[05/01/2009] Consumo

Il solito nodo politico lega ancora la riconversione ecologica dell´economia

FIRENZE. Si dice che il presidente Giorgio Napolitano sia stato favorevolmente colpito dalle intenzioni del presidente Obama di centrare l’azione di governo su redistribuzione più equa della ricchezza e su riconversione alla sostenibilità ecologica di parti rilevanti dell’apparato produttivo e dei consumi.

Affrontare insieme crisi economica e crisi ecologica è di buon senso e riporta al principio di realtà, smarrito da tempo, rispetto alla natura delle due crisi che hanno origini diverse ma sono entrambe segnate dal fallimentare rapporto tra sviluppo capitalistico e mercato, dalla crisi dell’idea stessa di progresso –lineare, infinito-.

In realtà il processo storico procede per salti, lunghi periodi di regresso, anche dal punto di vista scientifico e tecnologico. Nemmeno il capitale è in grado di sottrarsi alla casualità e al caos sistemico del processo storico. Il mercato capitalistico, pur nella profonda diversità, ha in comune con la fallita pianificazione dell’economia il fatto di non includere i costi indiretti, ambientali e della salute umana, nei costi di produzione, come, per es., quello dei cambiamenti climatici nel prezzo dei prodotti energetici.

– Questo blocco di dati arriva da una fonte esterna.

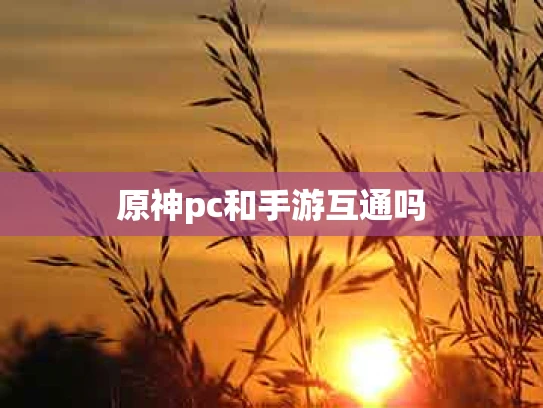 原神pc和手游互通吗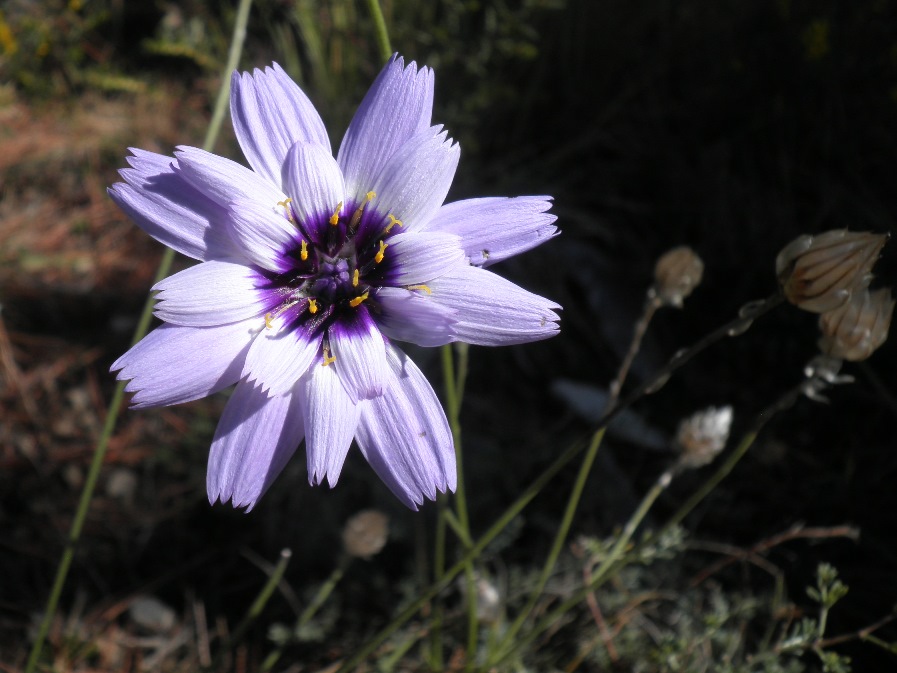 4_catananche caerulea.jpg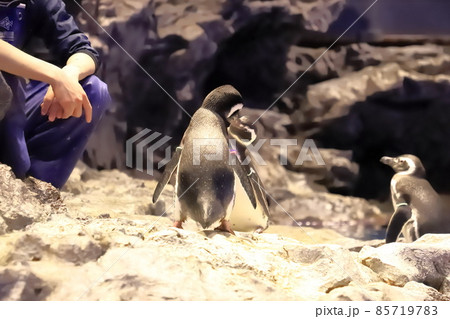 すみだ水族館　飼育員とたわむれるペンギン 85719783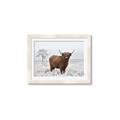 Picture of Cookie, the Cow  _GroupedProduct_Rectangle_Landscape_Photography _GroupedProduct_Rectangle_Landscape_Framed_Matted_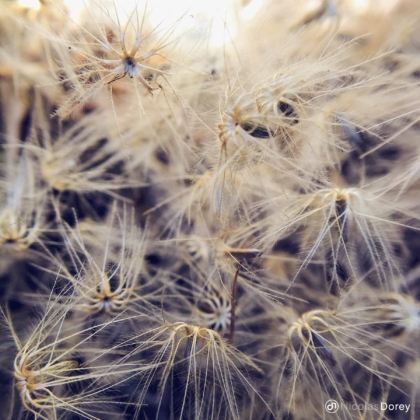 nicolas_dorey_itsy_bitsy_asteraceae_pappus nicolas_dorey_itsy_bitsy_asteraceae_pappus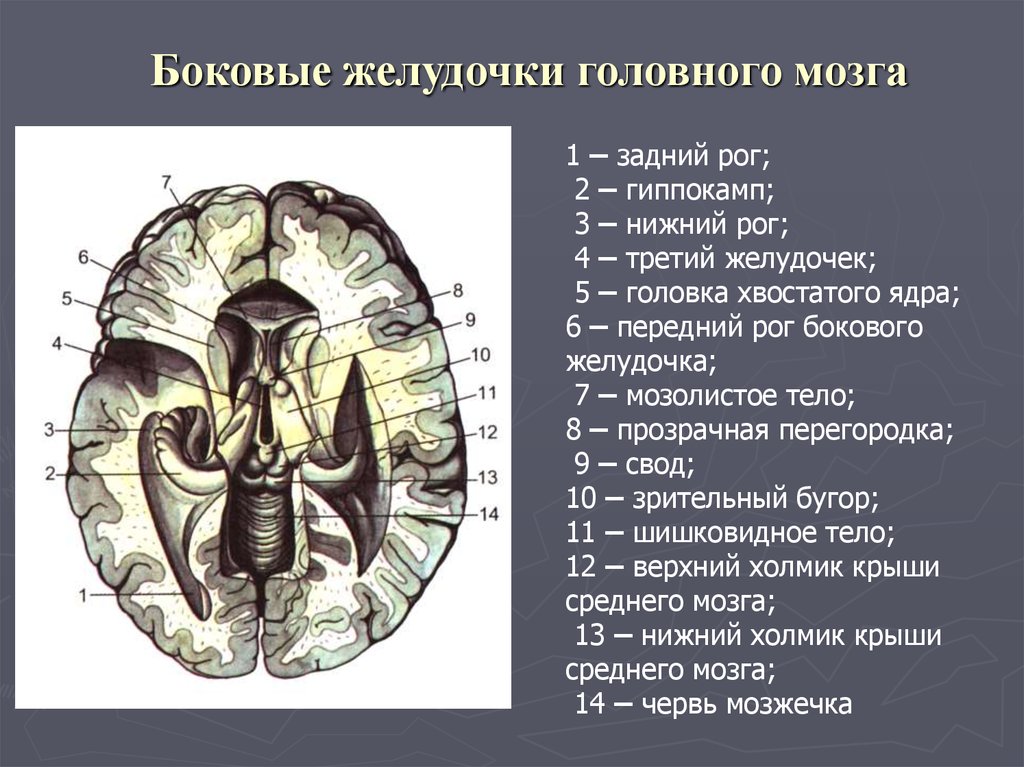 Медиальная стенка. Боковые желудочки головного мозга анатомия. Строение боковых желудочков головного мозга анатомия. Боковые желудочки конечного мозга. Нижний Рог бокового желудочка.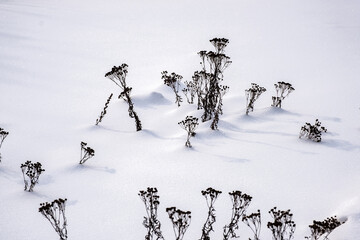 Dark bunches of dried last year's flowers on a background of white snow.
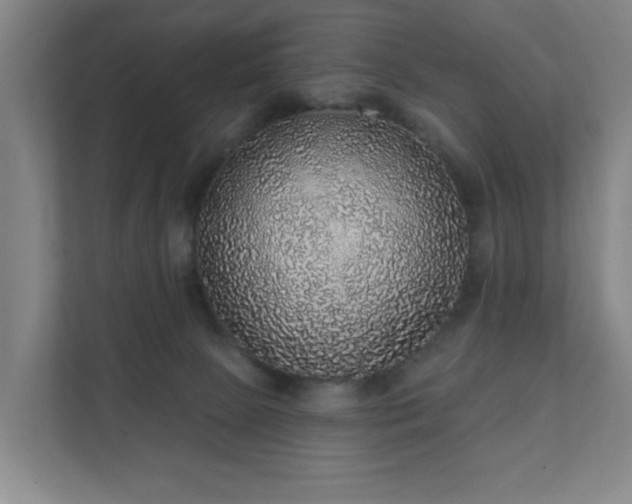 X0000112380081200908201531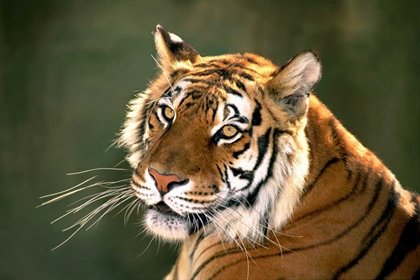 Picture of CA, LOS ANGELES CO, PORTRAIT OF BENGAL TIGER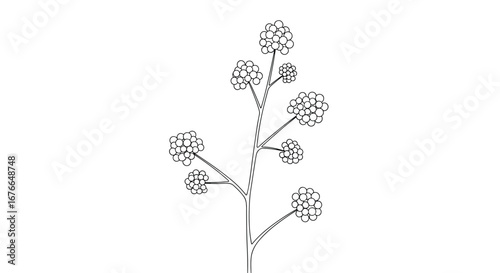  Delicate floral branch illustration with small clustered blooms on a white background for botanical design projects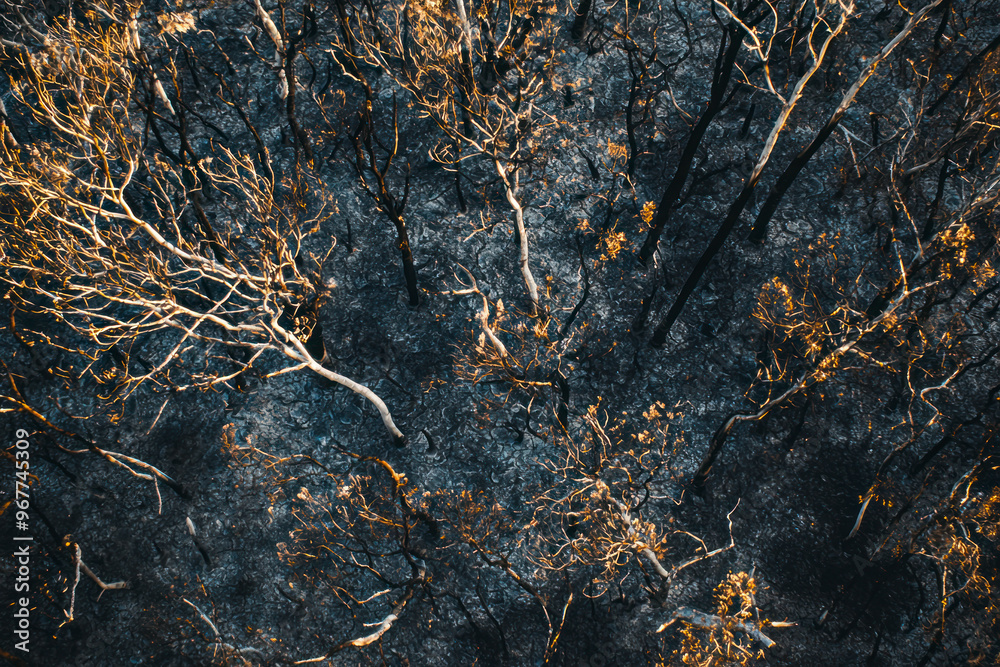 Top view, burnt trees after a bush fire. Top view, burnt trees after a bush fire.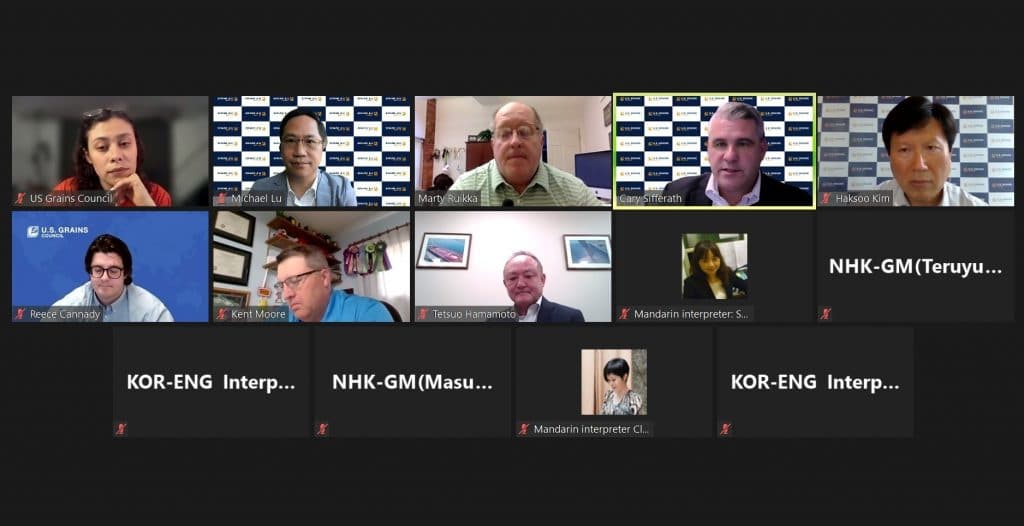 Online Meeting Between Fourteen People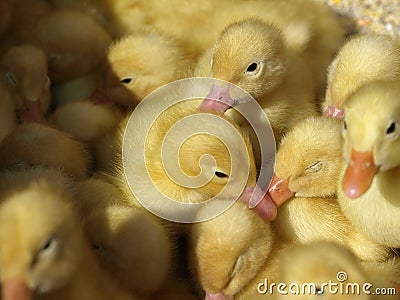 Little yellow ducklings Stock Photo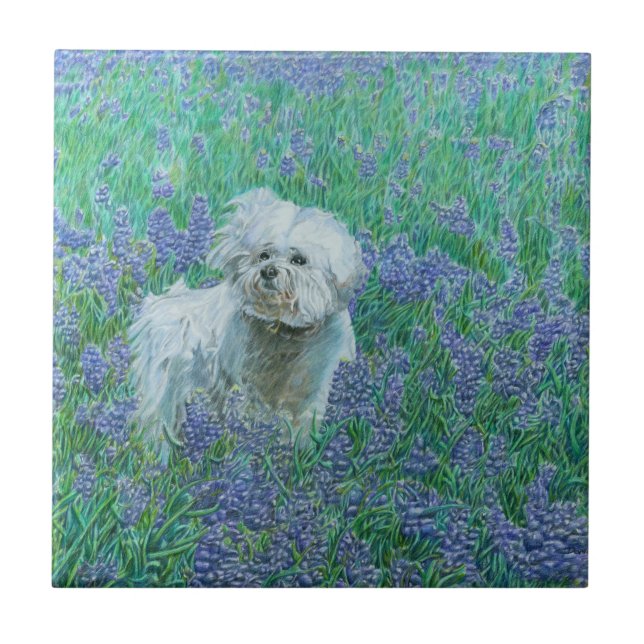 Bichon Frise Kakelplatta (Framsidan)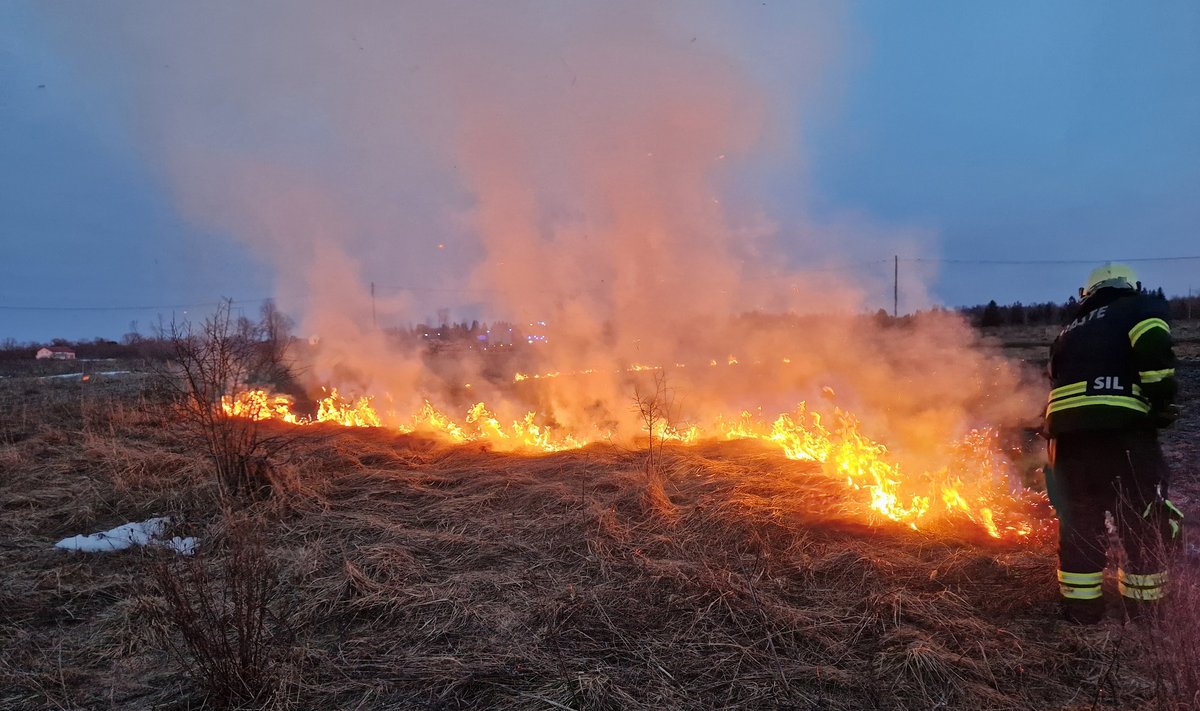 На данном снимке: ландшафтный пожар 11 марта рядом с Нарва-Йыэсуу.  Горели почти 200 квадратных метров сухой травы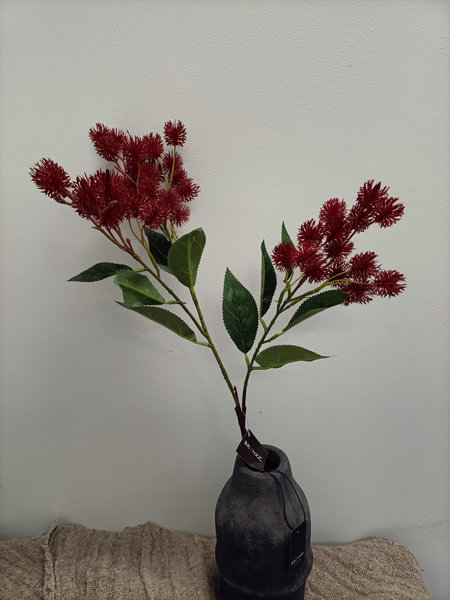 Mullberry rood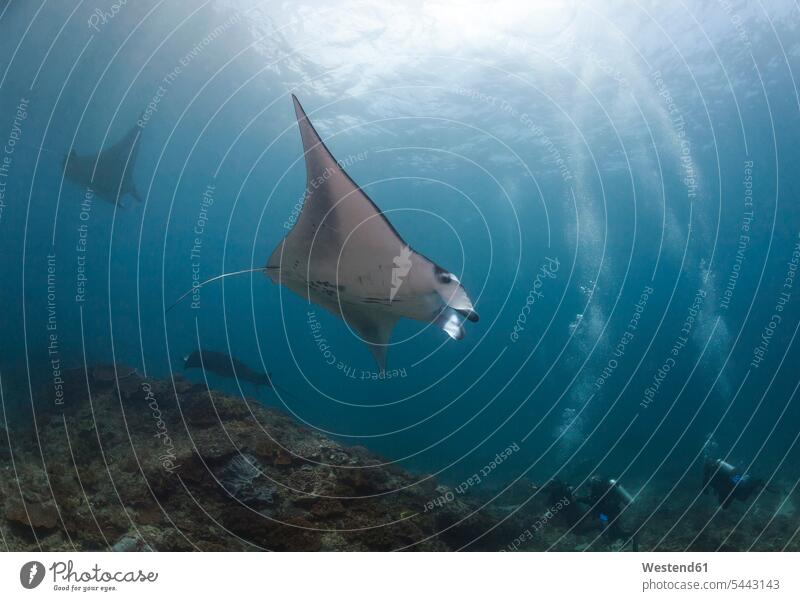 Indonesia, Bali, Nusa Lembongan, Reef manta ray and divers nobody swimming nature natural world wild animal wild animals Animal In Wild Animals In Wild outdoors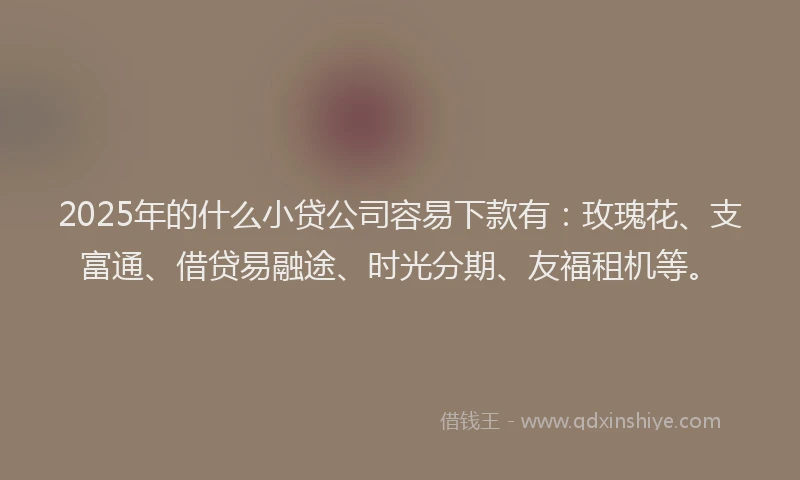 2025年的什么小贷公司容易下款有:玫瑰花、支富通、借贷易融途、时光分期、友福租机等。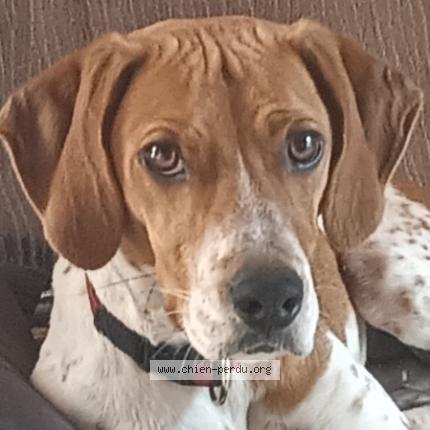 Foto 1/1 Perro encontrado Perdido en Rocbaron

Correggere questo errore dell’economia e della teoria economica non può avvenire per legge e in poco tempo. Richiede, per l’appunto, la riconversione del sistema economico globale e una equa distribuzione del reddito e della ricchezza, una riduzione programmata (quindi partecipata e condivisa, controllata) delle emissioni di gas serra e la introduzione di tasse sull’emissione di CO2 e delle le tasse sul reddito da lavoro, con effetti positivi sia sulla qualità della domanda in termini antirecessivi e di sostenibilità ambientale, e avviando la riconversione di un’economia insostenibile, che vive al di sopra delle risorse. Infatti riconvertire è redistribuire verso nuove attività, investimenti in conoscenza e istruzione, salari, pensioni, sicurezza sociale, vuol dire cambiare priorità del modo di vivere in una economia in equilibrio dinamico.

Esistono, inoltre, ben fondate ragioni economiche per prendere provvedimenti tempestivi che permettano di affrontare il problema dei cambiamenti climatici insieme ai costi della crisi economica e affermare una nuova concezione, democratica, del mercato e del sistema produttivo.

Infatti una ripresa della crescita economica nella attuali condizioni – ossia senza l’adozione di provvedimenti per ridurre le emissioni di almeno il 60% in poche decine di anni – provocherebbe un drastico aumento della quantità di gas a effetto serra presenti nell’atmosfera senza risolvere il problema del lavoro. Esistono, infine, fondate ragioni per ritenere che l’azione combinata di riconversione e redistribuzione costi molto meno dell’inazione o della ripresa tout court dell’economia attuale.

Infatti in rapporto al Pil globale, le stime valutano una spesa modesta. Secondo i calcoli di Stern, una riduzione di emissioni globali del 25% rispetto ai livelli attuali (circa il 60% in meno rispetto al livello futuro senza correzioni), da effettuarsi entro il 2050, avrebbe un costo di circa il 2% del Pil globale, stima che lo stesso Stern ha dovuto aggiornare, raddoppiandola rispetto a un paio d´anni fa.
Ma, come si diceva una volta, “il nodo è politico”.